This talk underlines the importance of distributed tracing in microservices, reveals the need for standardization of tracing instrumentation, and explains how the OpenTracing project addresses that need. We will showcase OpenTracing’s set of consistent, expressive, explicitly vendor-neutral tracing APIs with working examples using python gRPC, Flask, and possibly other frameworks if time allows. Abstract Microservice architectures offer many benefits but are notoriously difficult to observe or debug, especially as transactions inevitably cross process boundaries. I focused on this problem at Google and built Dapper, Google’s production distributed tracing system. I learned from Dapper’s design eccentricities that—in order to facilitate ubiquitous, transparent distributed tracing in OSS-heavy applications—as an industry we must find a way to make open-source software components interoperate from a tracing standpoint.

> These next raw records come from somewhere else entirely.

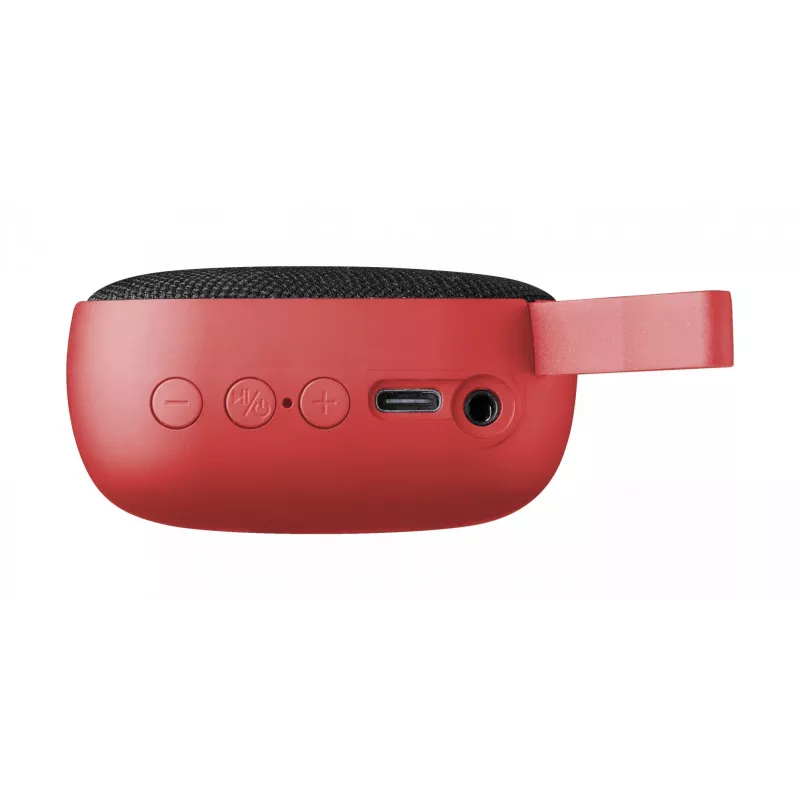 Music Sound belaidis garsiakalbis Mini kompaktiškas ir spalvingas 3 vatų „Bluetooth“ garsiakalbis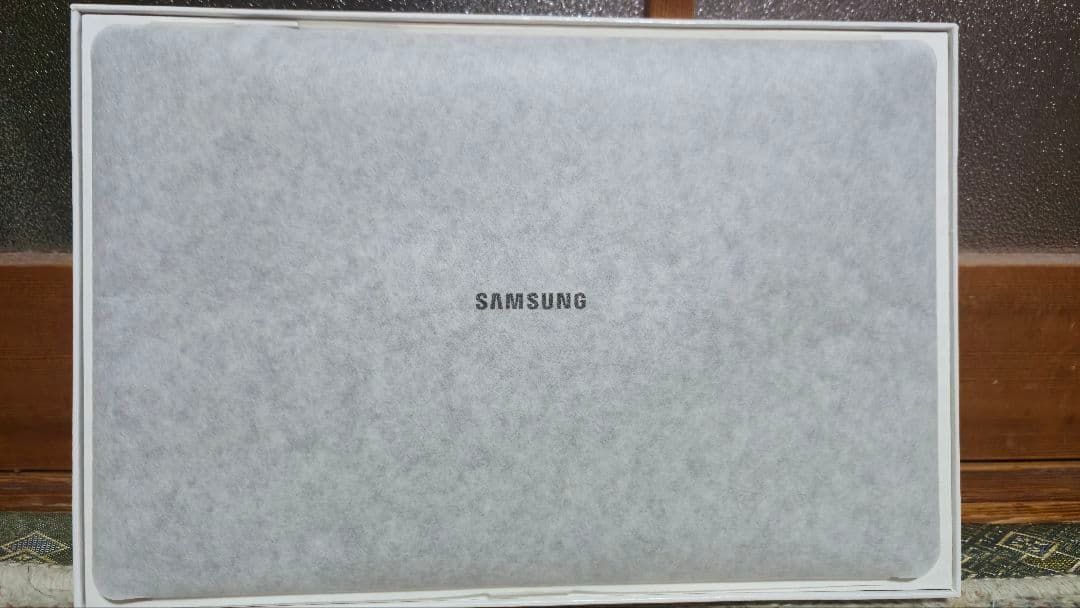 Samsung Galaxy Tab S9 FE 本体 Sペン付き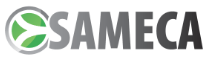 sameca logo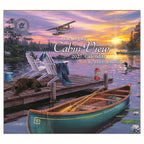Cabin View Calendar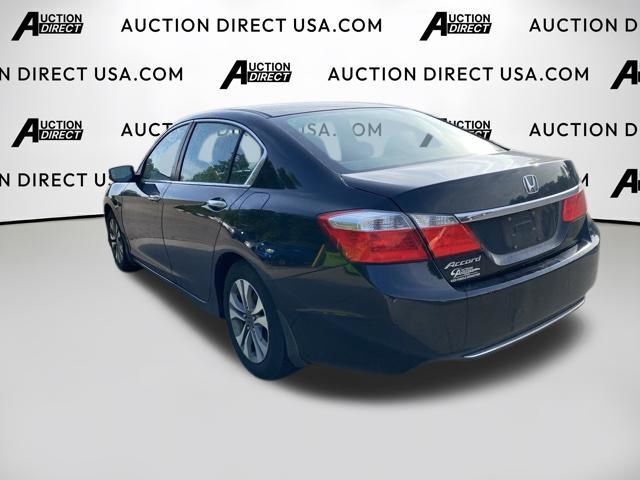 2013 Honda Accord LX Raleigh NC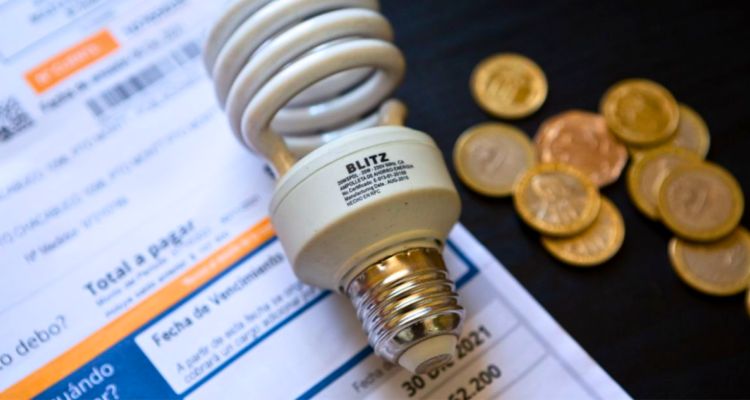 Subsidio Eléctrico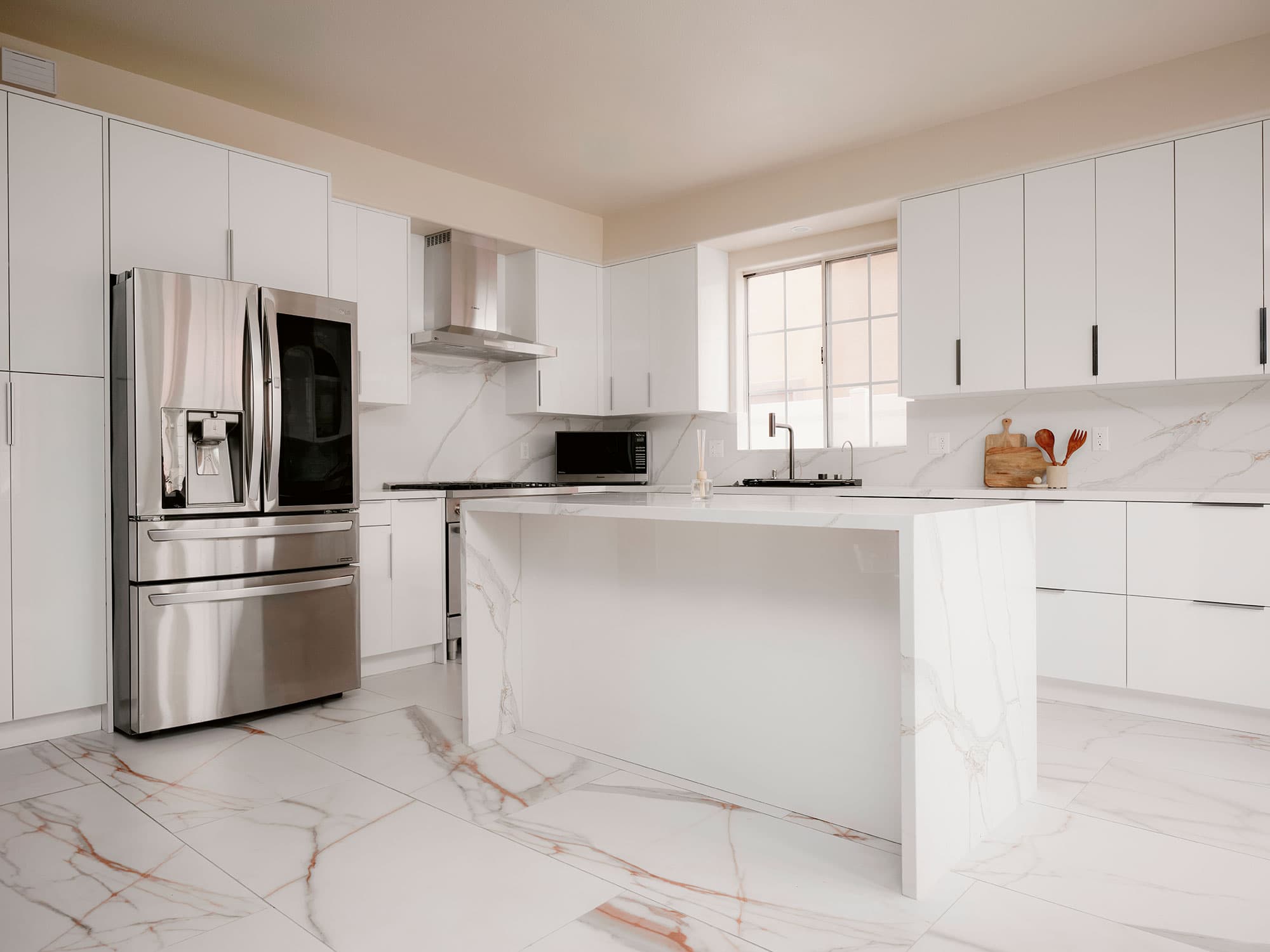 Bellflower Kitchen Remodel Pic7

This need for standardized tracing instrumentation across open source brings us to OpenTracing. By offering consistent, expressive, vendor-neutral, open-source APIs for popular platforms, OpenTracing provides a semantic and syntactic standard for distributed tracing instrumentation, allowing developers to add (or switch) tracing implementations with an O(1) configuration change.

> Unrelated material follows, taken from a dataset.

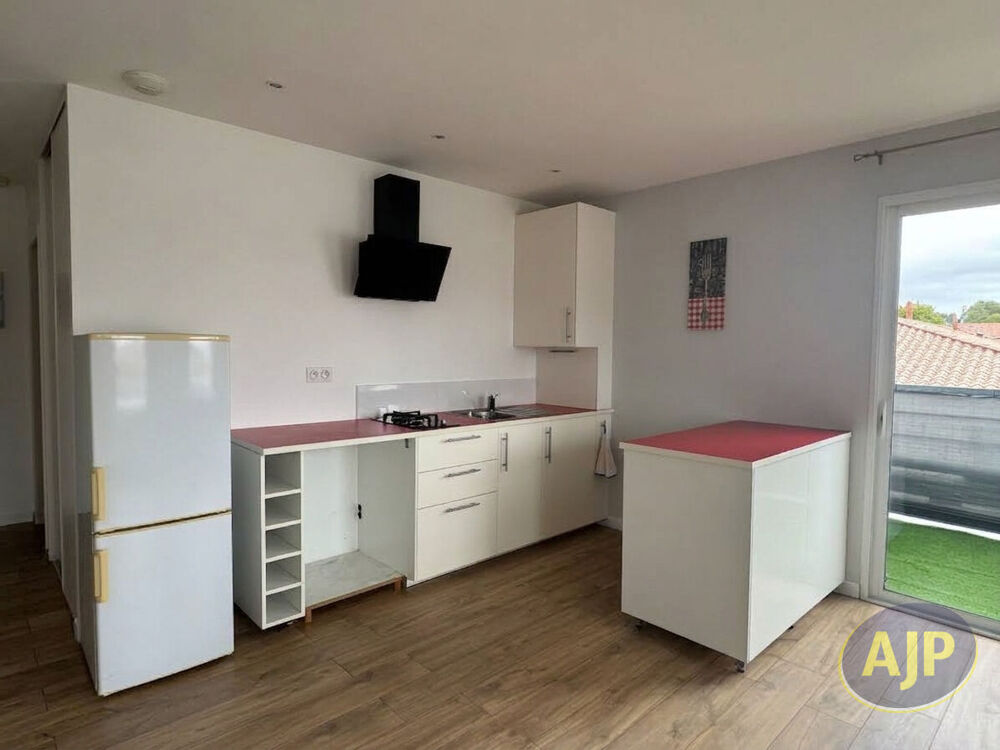 Location Appartement Appartement 2 pièces - Montaigu Vendée Montaigu vendee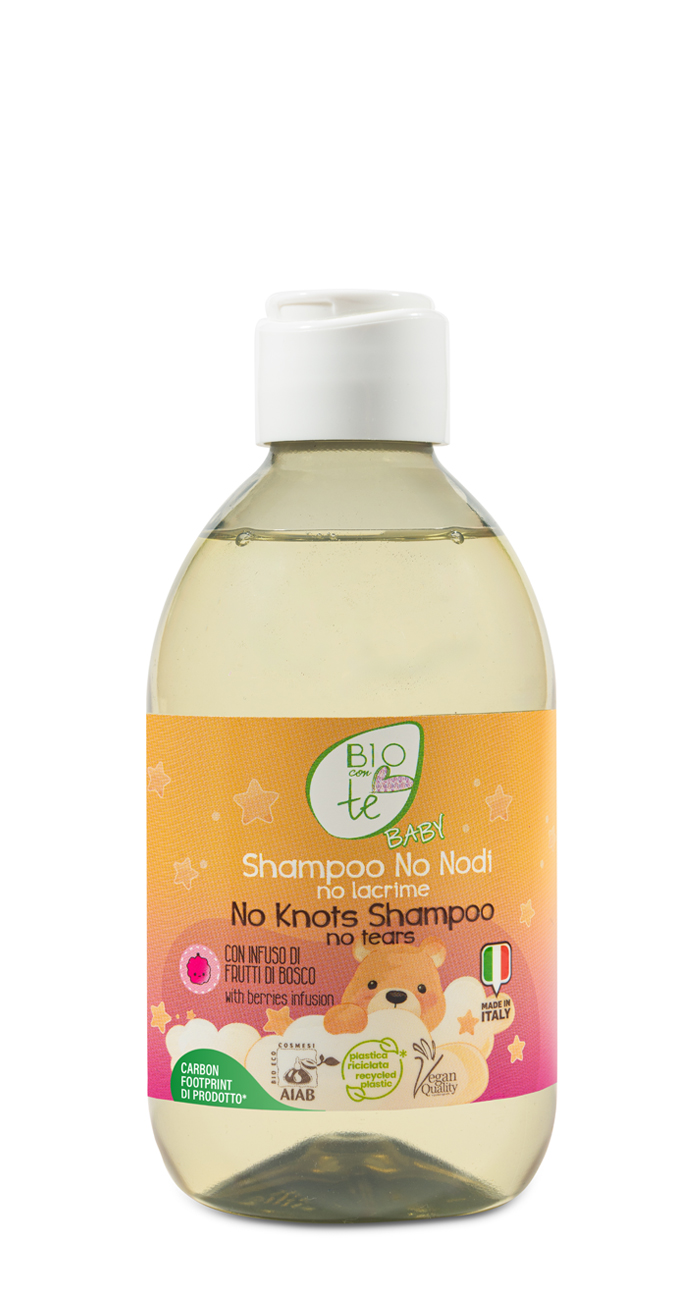 Shampoo No Nodi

I will explain OpenTracing’s data model and the motivations behind it, describe how it generalizes across tracing systems and instrumentation languages (with a focus on Python), and show demos of how it integrates with frameworks (like Flask and gRPC) and applications. We will then cover the “hello world” of tracing: creating and linking traces that traverse process boundaries. Finally, I’ll share what’s in store for the rest of 2016 and 2017 and talk about ways to get involved.